Give back exactly the lines of the material below that start at the line containing "Image showing Surfer holding surfboard." and end at the line containing "MARKET99 White &", and no others.

Start of INFORMATION PROVIDED

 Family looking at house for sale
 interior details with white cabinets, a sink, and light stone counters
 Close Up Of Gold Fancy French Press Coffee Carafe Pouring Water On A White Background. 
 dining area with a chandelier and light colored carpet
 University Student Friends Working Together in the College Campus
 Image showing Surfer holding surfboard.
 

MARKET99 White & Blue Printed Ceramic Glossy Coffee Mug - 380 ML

End of INFORMATION PROVIDED
Start of INFORMATION PROVIDED

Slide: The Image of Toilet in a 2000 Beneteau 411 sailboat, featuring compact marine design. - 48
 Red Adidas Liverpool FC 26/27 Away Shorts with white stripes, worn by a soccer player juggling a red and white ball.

End of INFORMATION PROVIDED

**TASK RESULT:**
 Image showing Surfer holding surfboard.
 

MARKET99 White & Blue Printed Ceramic Glossy Coffee Mug - 380 ML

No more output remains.